Inevitabilmente, all’esito di una visita ad hoc dedicata al monitoraggio delle forme di isolamento dei detenuti, il Comitato europeo per la prevenzione della tortura dedica una parte del suo Rapporto ancora al regime di massima sicurezza del 41bis. Non dimentichiamo, infatti, che la minima socialità che ora il 41bis prevede (due ore d’aria o in saletta) è il frutto di specifiche raccomandazioni rivolte in passato al regime del 41bis, quando si presentava come una forma di isolamento totale e assoluto. Riprendendo i rilievi del Garante nazionale delle persone private della libertà, il Comitato europeo sollecita una riflessione sul regime del 41bis. Non sulla sua legittimità in astratto, ma sulla sua applicazione in concreto. Come si sa, il 41bis è misura estrema volta a interrompere le relazioni di comando di pericolosi capi nei confronti delle organizzazioni criminali di appartenenza. Si tratta indubbiamente di un regime che può pregiudicare fondamentali della persona, a partire da quello alla salute. Conseguentemente, dice il Cpt, va usato nelle strette necessità, per il tempo strettamente necessario e nella misura strettamente necessaria.

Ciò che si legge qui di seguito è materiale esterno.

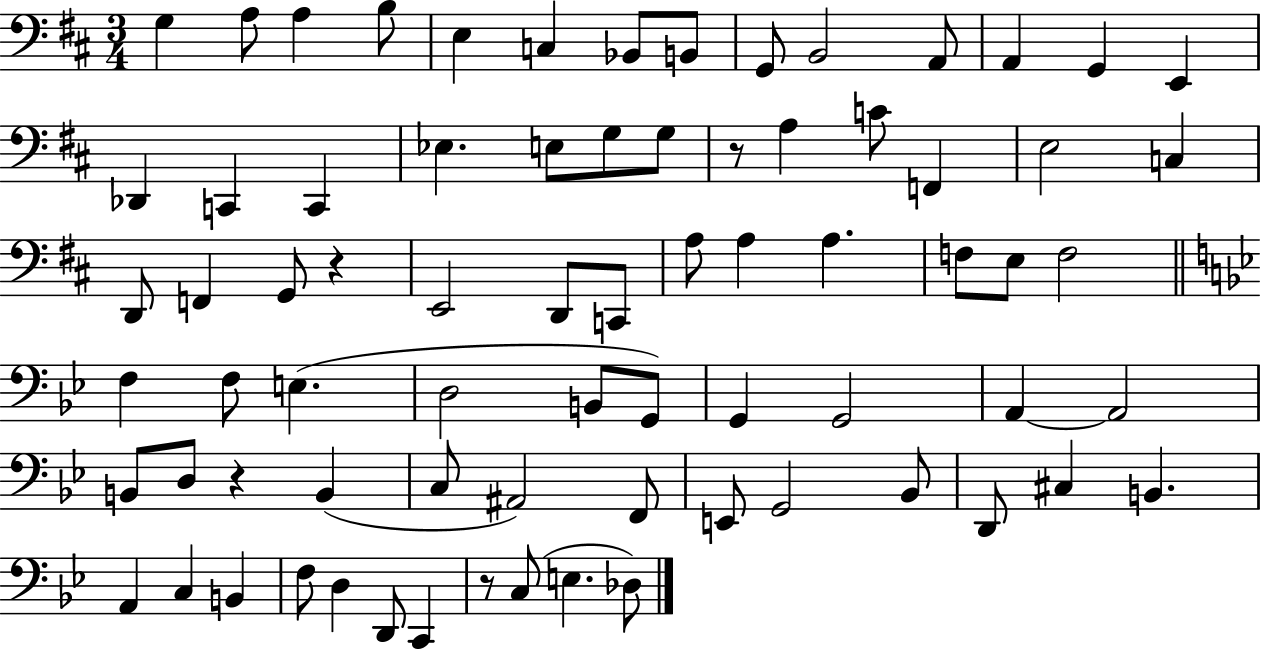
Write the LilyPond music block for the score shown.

Recentemente c’è voluta la Corte costituzionale per rimuovere il divieto di cottura dei cibi in 41bis, previsione priva di alcuna ragione di sicurezza e dunque esclusivamente afflittiva. Così ora il Cpt mette in dubbio che il rinnovo dei provvedimenti ministeriali di sottoposizione al 41bis (dopo i primi quattro, ogni due anni) siano sempre rigorosamente motivati, e anzi sembrano automatici nelle loro formulazioni standardizzate. Si arriva così ai casi limite di due detenuti con evidenti problemi di salute mentale su cui il Cpt chiede al Governo come possano essere considerati ancora capaci di comandare le organizzazioni criminali di originaria appartenenza.
C’è poi l’annoso problema del 41bis nel 41bis, le cosiddette “aree riservate”, cui sono destinati i capi più capi degli altri, in cui le condizioni di vita e di socialità sono ancora più gravi (stanze prive di adeguata luce naturale, socialità ridotta all’aria con una sola persona) e che tradiscono un uso evidentemente eccessivo del 41bis, al punto da dover prefigurare un regime ulteriormente speciale per i pericolosissimi, in un crescendo di superlativi e di privazioni che sembra non avere fine. Ma anche i 41bis ordinari soffrono di limitazioni giudicate eccessive dagli ispettori europei, come le telefonate (dieci minuti) alternate ai colloqui (un’ora al mese) o la socialità alternata all’aria. Al contrario il Cpt raccomanda che ciascun detenuto al 41bis possa avere almeno quattro ore, all’aria o all’interno della sezione, per svolgere attività significative con il suo gruppo di socialità. Non sono cose nuove: le aveva già scritte il Cpt in precedenti rapporti, le ha scritte il Garante nazionale e, nella passata legislatura, la Commissione per i diritti umani del Senato. Oggi, il Cpt ci dice che così non va: serve una seria riflessione sulla realtà del 41bis, sulla sua finalità e, dunque, sui suoi limiti.